Ketika malaikat datang kepada para gembala di padang saat Tuhan Yesus lahir, ia mengatakan "Jangan takut..." Mengapa malaikat berkata demikian? Jawabannya adalah karena para gembala berada dalam arena yang disebut "takut." Sang malaikat tidak sedang bicara sama seperti matador tadi. Mengapa? Pertama, karena "takut" yang dimaksud bukanlah atas dasar berhadapan dengan banteng, yang walaupun sedang kalap tetap bisa dikalahkan juga, tetapi takut yang eksistensial, yaitu takut yang berada karena diri manusia sendiri. Takut ini diekspresikan ketika berhadapan dengan makhluk surgawi, yang tidak fana, tidak bisa mati! Mengapa demikian? Sebab bagi gembala Yahudi kedatangan makhluk surgawi adalah pertanda kematian. Itulah yang ada dalam benak para gembala! Jadi para gembala sedang amat takut, sebab eksistensi kemanusiaan (yaitu takut) mereka sendiri segera membuahkan kematian. Maka dari itu, adalah janji luar biasa ketika malaikat itu mengatakan "Jangan takut" kepada para gembala. Janji itu menghancurkan ketakutan akan kematian, sebab janji itu berasal dari Tuhan, sumber kehidupan. Akibatnya, tidak dinyana kalau perkataan malaikat ini mengubah para gembala menjadi pedansa dalam arena yang menakutkan.

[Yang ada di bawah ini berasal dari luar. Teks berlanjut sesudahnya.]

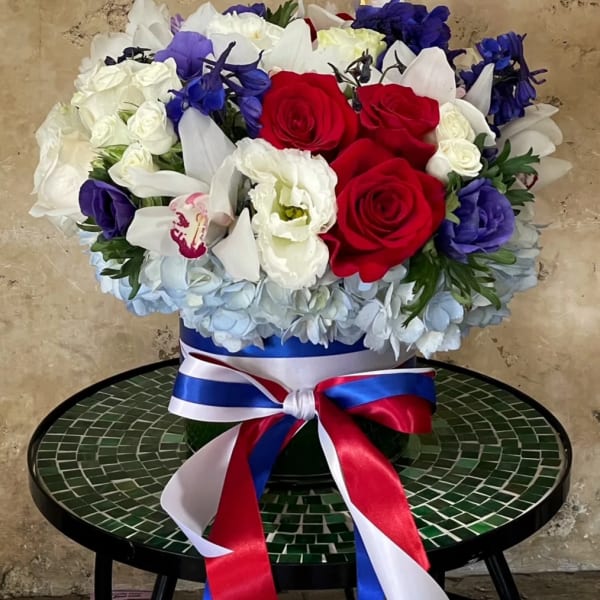 Red, white, and blue floral arrangement in a round box with ribbon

Kedua, "Jangan takut" dihubungkan dengan berita yang dibawa malaikat yaitu berita gembira, berita yang tidak pernah ada di benak para gembala dan orang-orang kebanyakan pada waktu itu. Berita apa itu? Juru Selamat, Kristus, Tuhan lahir!

Rentetan tiga gelar ini menunjukkan signifikansi dan inti dari berita gembira itu. "Juru Selamat" bukan hanya berbicara tentang keselamatan rohani, seperti dikenal dalam kamus orang Kristen. Arti lain yang bisa dikenakan kepadanya ialah "pembebas", "penyedia", "penyokong". Singkatnya, seseorang yang menolong umat manusia. Juru Selamat itu akan melepaskan rantai-rantai ketakutan yang mengikat tangan dan kaki manusia. Juru Selamat itu akan menyediakan apa yang diperlukan agar ketakutan dikalahkan. Juru Selamat itu akan menyokong mereka yang takut secara rohaniah dan badaniah.

Istilah "Kristus" merujuk pada janji mengenai Mesias yang sudah dinanti-nantikan kaum saleh Yahudi sejak ratusan tahun. Lalu janji itu genap pada malam Natal pertama. Mesias, itulah sosok yang akan mengubah segala sesuatu menjadi baru (bdk. Yes. 48 dan 65). Janji kedatangan-Nya amat dinanti-nantikan, karena itulah satu-satunya pengharapan orang Yahudi agar bisa terlepas dari ketidakadilan (Mzm. 9:9-10) politis dan penjajahan spiritual. Secara politis, tekanan pajak menjadi lebih besar ditambah lagi situasi keamanan yang amat kacau karena banyaknya peperangan dan pengkhianatan masa itu. Secara spiritual, ada kehausan sebab penguasa baru tidak pernah membawa angin segar. Keputusasaan rakyat menjadi-jadi, ada sesuatu yang "kosong" dalam hidup mereka yang disebabkan hilangnya shalom.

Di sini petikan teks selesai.